- _Problem to solve_: The listing below holds a line with "Folge 43 - Trump, Biden" and a later line with "Panda Long Life Milk Full Fat". Write out those two lines and every line between them, exactly, and nothing else.

- _Dataset content_:
☆ ☆ ☆

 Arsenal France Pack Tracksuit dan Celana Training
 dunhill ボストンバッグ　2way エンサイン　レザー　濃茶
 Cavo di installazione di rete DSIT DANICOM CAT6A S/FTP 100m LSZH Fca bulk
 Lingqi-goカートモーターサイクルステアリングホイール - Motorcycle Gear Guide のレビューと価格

☆ ☆ ☆

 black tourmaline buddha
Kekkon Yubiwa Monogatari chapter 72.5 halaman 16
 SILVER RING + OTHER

☆ ☆ ☆

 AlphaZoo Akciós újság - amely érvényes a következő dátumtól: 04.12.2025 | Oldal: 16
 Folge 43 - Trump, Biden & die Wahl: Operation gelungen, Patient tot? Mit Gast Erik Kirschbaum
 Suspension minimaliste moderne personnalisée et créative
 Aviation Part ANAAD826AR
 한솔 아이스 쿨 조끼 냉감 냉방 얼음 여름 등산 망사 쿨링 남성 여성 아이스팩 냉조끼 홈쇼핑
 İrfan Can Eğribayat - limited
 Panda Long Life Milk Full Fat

☆ ☆ ☆

- _Exercise answer_:
 Folge 43 - Trump, Biden & die Wahl: Operation gelungen, Patient tot? Mit Gast Erik Kirschbaum
 Suspension minimaliste moderne personnalisée et créative
 Aviation Part ANAAD826AR
 한솔 아이스 쿨 조끼 냉감 냉방 얼음 여름 등산 망사 쿨링 남성 여성 아이스팩 냉조끼 홈쇼핑
 İrfan Can Eğribayat - limited
 Panda Long Life Milk Full Fat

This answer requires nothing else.